Similarly, India, despite being a major fossil fuel importer, has rapidly advanced its Ethanol Blended Petrol (EBP) program and has already achieved 20 per cent ethanol blending. India has partially decoupled its petrol supply from global crude oil shocks. This has so far helped avoid increases in retail fuel prices, offering a real-time demonstration that even partial biofuel deployment can enhance economic resilience.
Moreover, India’s ethanol production capacity stands at approximately 18.2 billion litres, while the E20 programme requires about 10.2 billion litres annually, leaving a surplus of nearly 8 billion litres. A portion of this excess could be redirected towards clean cooking; for instance, allocating 4 billion litres could meet the cooking fuel needs of around 40 million households, assuming an average annual consumption of about 125 litres per household.
Indonesia offers a parallel story from Southeast Asia. As the world’s largest palm oil producer, Indonesia mandated a 40 per cent biodiesel blend (B40), substituting a significant volume of diesel that would otherwise have been imported. When the Ras Laffan shutdown tightened global diesel supply and LNG availability collapsed, Indonesia’s palm-based biodiesel program provided direct cushioning for its transport and power generation sectors.
Denmark offers an illustrative example. Presently, biomethane constitute close to 40 per cent of Danish gas demand, with the country on track to reach 100 per cent green gas in the grid before 2030. This high share of domestically produced biomethane has strengthened Denmark’s gas security and reduced its exposure to imported gas price volatility arising from geopolitical tensions.
These examples collectively make the case: countries that invested in biofuels before the crisis struck were better positioned during it. The protection was not absolute, but it was real, measurable, and proportional to the depth of the program.
What countries must do to scale biofuels
The gap between biofuel potential and biofuel reality remains wide for most countries. Closing this gap requires deliberate, sustained policy action across several dimensions.
First, governments must establish clear blending mandates that create guaranteed domestic demand. Without a mandated market, private investors cannot justify the capital expenditure required to build refineries, collection networks, and supply chains. Mandates should be progressive — starting at achievable levels and rising over time — to signal long-term commitment while allowing industries to mature.
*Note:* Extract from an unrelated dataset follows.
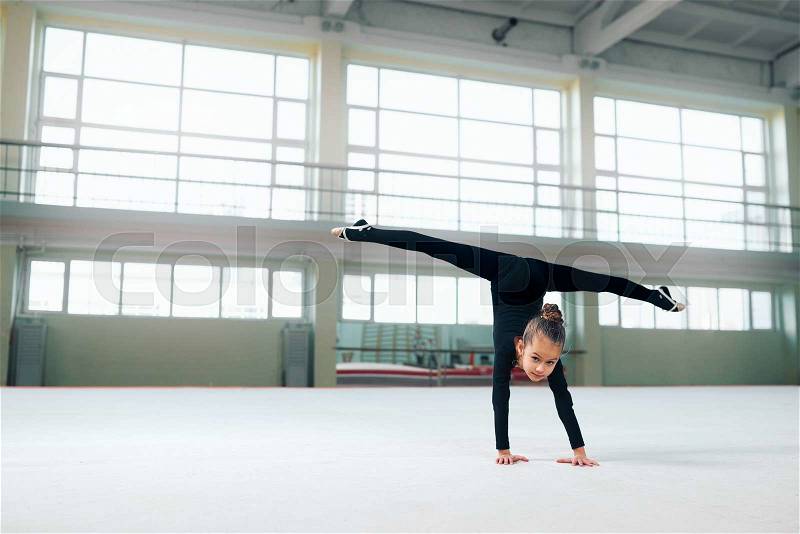 Little gymnast standing on hand doing the splits, stock photo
Second, national feedstock strategies must be developed. Governments need to conduct systematic assessments of their agricultural and municipal waste streams, identify the most viable conversion pathways, and design policies that channel these feedstocks into biofuel production rather than landfills or open burning. This requires coordination between various ministries, environment agencies, and energy regulators.
Third, financing mechanisms must be unlocked. Biofuel infrastructure is capital-intensive, and private sector participation requires de-risking instruments such as blended finance, loan guarantees, concessional lending, and access to sufficient working capital finance. Development finance institutions have a critical role in structuring the first-of-a-kind projects that demonstrate commercial viability and attract subsequent private investment.
Finally, research and technology transfer programs must be prioritised. Many developing countries have the feedstock but lack the technical capacity to efficiently convert it. International cooperation on technology licensing, capacity building, and knowledge transfer can dramatically shorten the learning curve.
The lesson of every war: Dependence is vulnerability
The Iran-Israel-US conflict has written the same lesson in the same ink that the 1973 Arab oil embargo, the 1990 Gulf War, and the 2022 Russian invasion of Ukraine all wrote before it: energy dependence on distant, politically unstable sources is a structural vulnerability that no country can afford to ignore.
Biofuels do not offer silver bullets. They are one component of a broader energy diversification strategy that must also include renewables, energy efficiency, and storage. But they offer something that solar panels and wind turbines currently cannot: a direct, drop-in substitute for liquid fuels in transport, aviation, and industry — sectors where alternatives remain limited and where import dependence bites hardest when crises strike.
Every tonne of organic waste converted into biomethane, every litre of used cooking oil refined into biodiesel, every hectare of energy crops cultivated on marginal land is a small act of strategic sovereignty. Taken together, at scale, these acts constitute a nation’s insurance policy against the next war, the next blockade, and the next price shock — whatever form they take and wherever they originate.